■ RECORDS TO USE
____

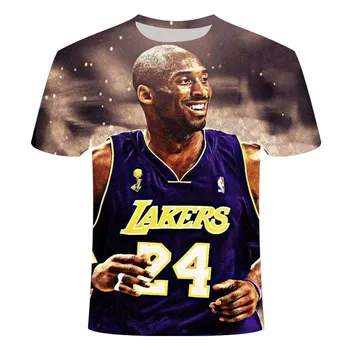 Mados naujo stiliaus Kobe Bryant sporto kvėpuojantis 3D atspausdintas T-shirt Vyrai/Moterys vasarą, O-kaklo Viršūnes laisvalaikio marškinėliai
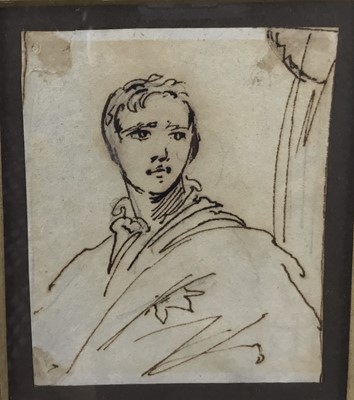 Lot 19 - Sir Thomas Lawrence, pen sketch portrait - George 4th Earl of Aberdeen, 7cm x 5.5cm, in glazed frame
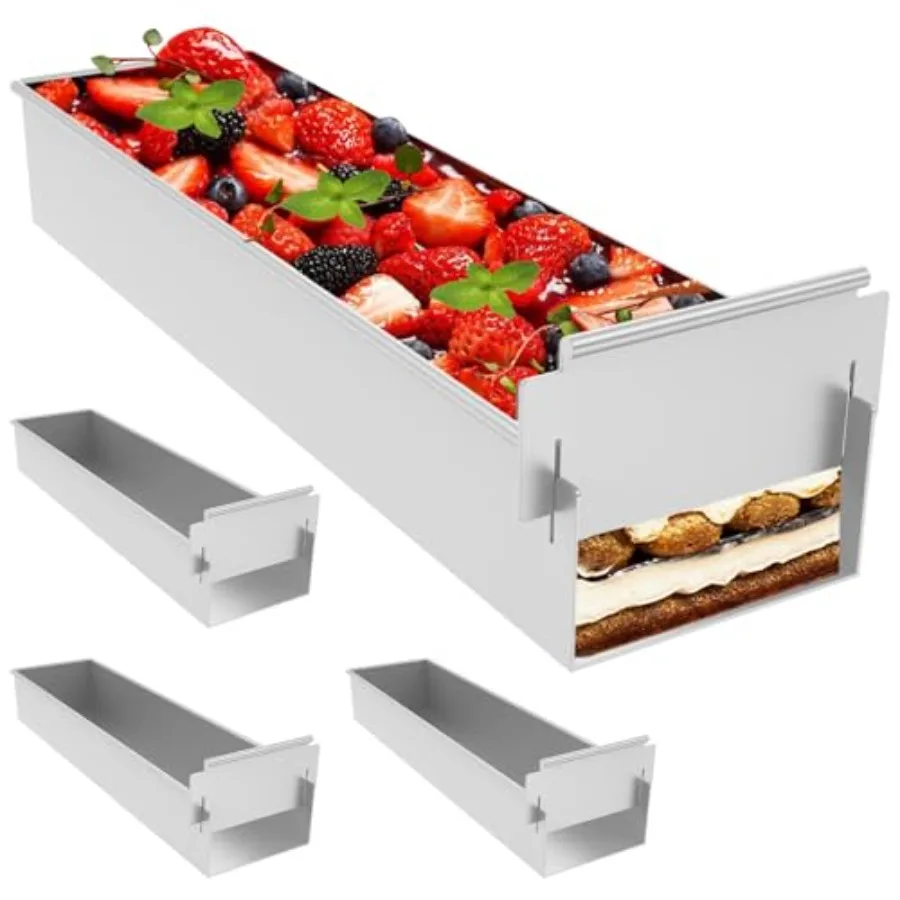 

4 упаковки форм для торта Tiramisu с длинным отверстием, форма для торта из сплава с удалением лотков Tiramisu для Recle для Tiramisu Ceecake Mous 4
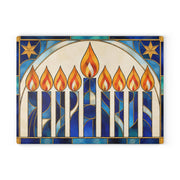 The Rabbi's Wife Trays Stained Glass Style Glass Menorah Drip Tray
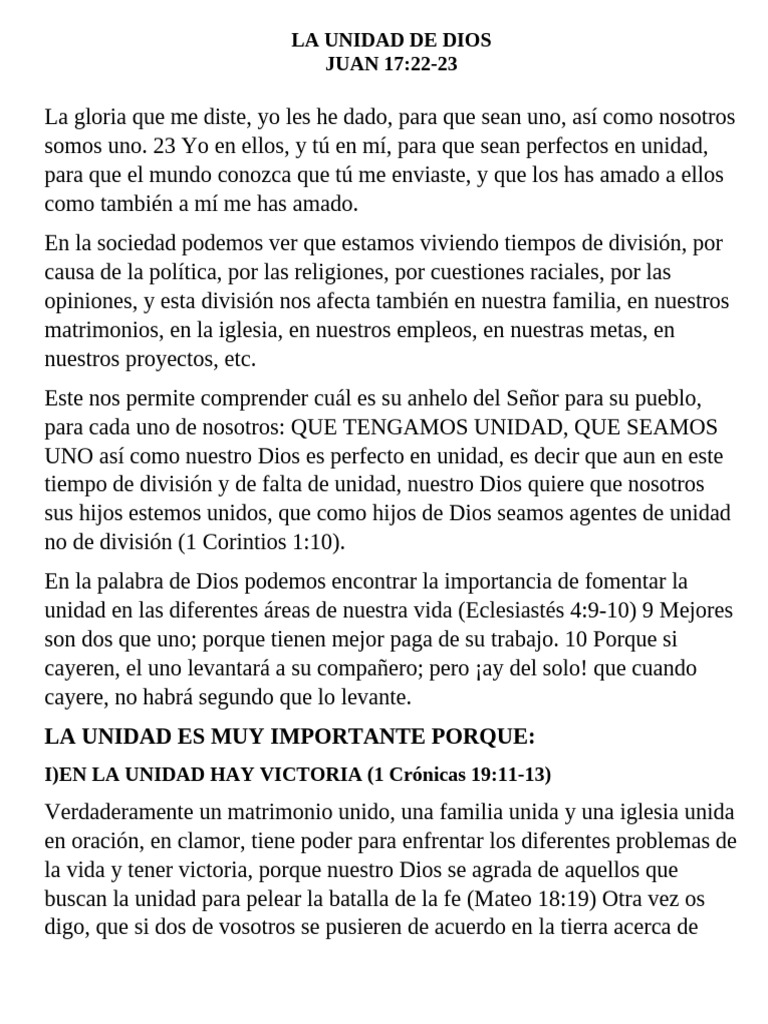 La Importancia de la Unidad en Dios | PDF | Creencia religiosa y doctrina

____

■ WORK TO COMPLETE
From the line containing "4 упаковки форм" through the final line of the records, write out each line exactly, and include no pictures.

■ REPLY
4 упаковки форм для торта Tiramisu с длинным отверстием, форма для торта из сплава с удалением лотков Tiramisu для Recle для Tiramisu Ceecake Mous 4
 The Rabbi's Wife Trays Stained Glass Style Glass Menorah Drip Tray
 La Importancia de la Unidad en Dios | PDF | Creencia religiosa y doctrina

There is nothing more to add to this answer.